→ Collected material
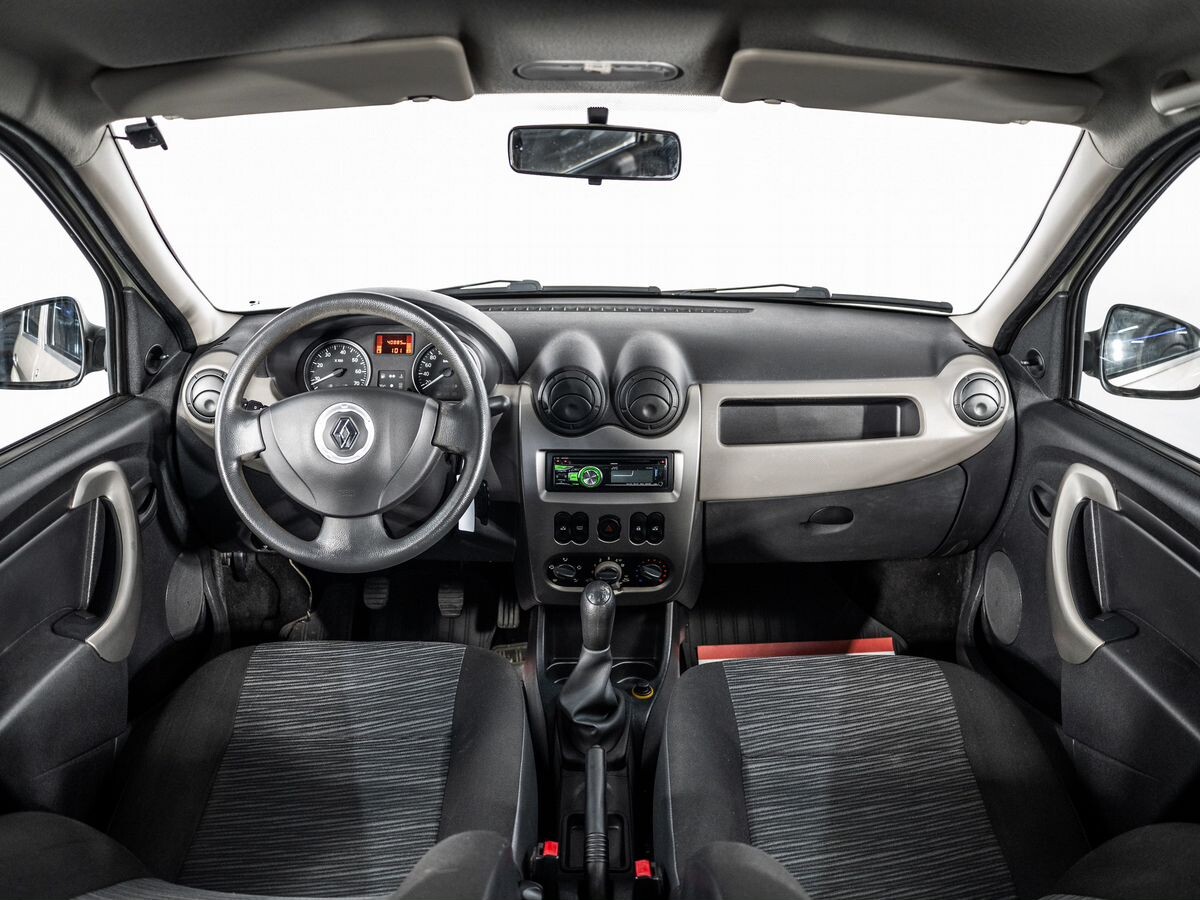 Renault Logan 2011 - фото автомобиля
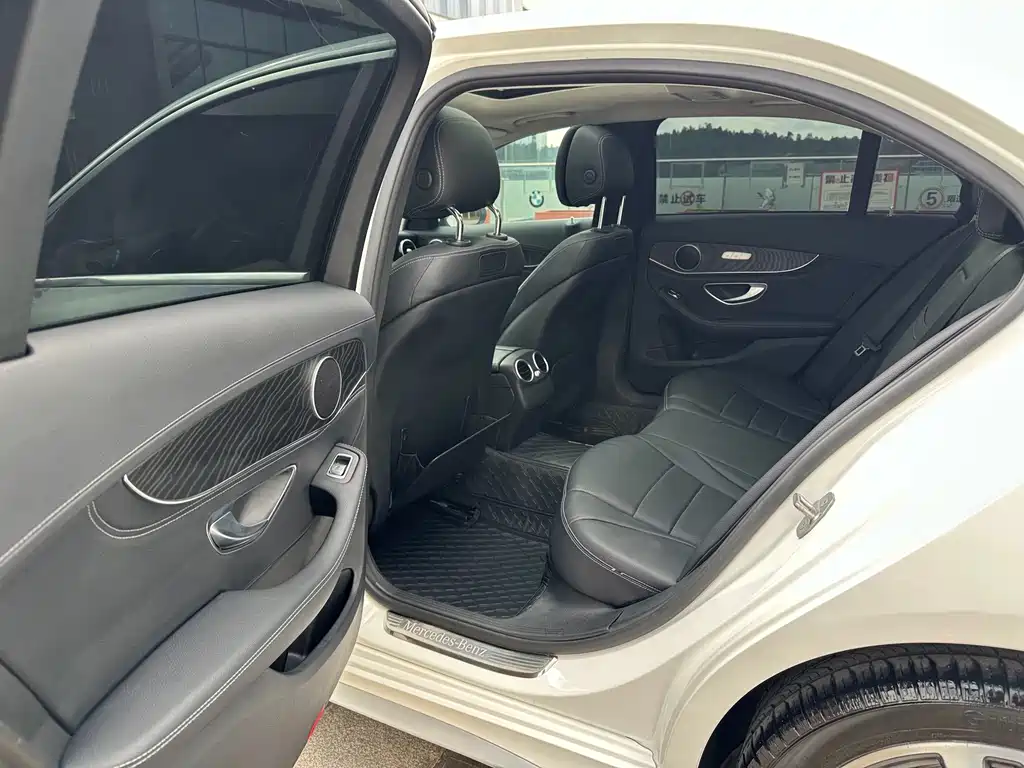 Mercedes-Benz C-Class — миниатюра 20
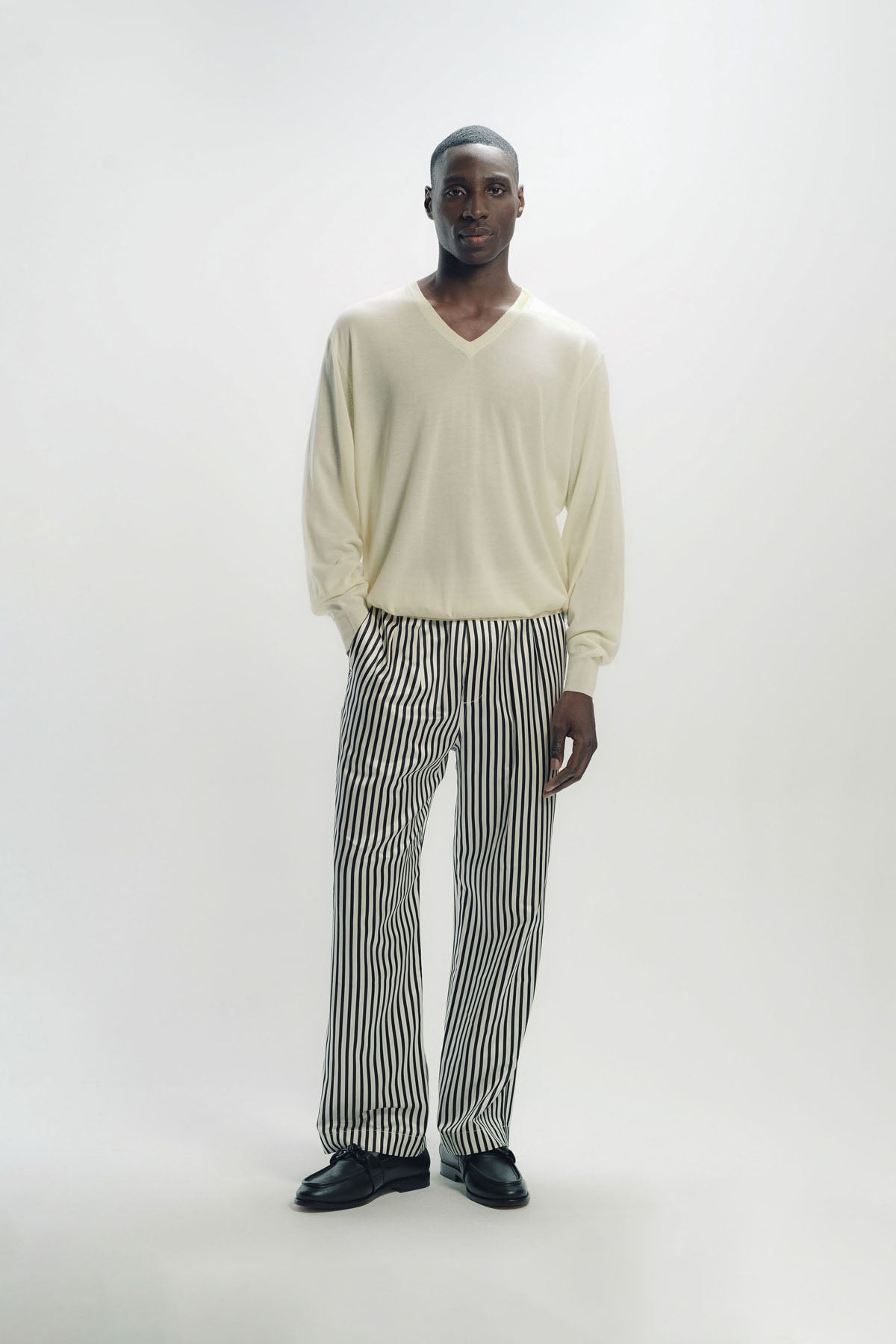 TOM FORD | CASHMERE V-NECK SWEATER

→ Task directions
Transcribe the listing above exactly, leaving every picture out.

→ Reply to the task
 Renault Logan 2011 - фото автомобиля
 Mercedes-Benz C-Class — миниатюра 20
 TOM FORD | CASHMERE V-NECK SWEATER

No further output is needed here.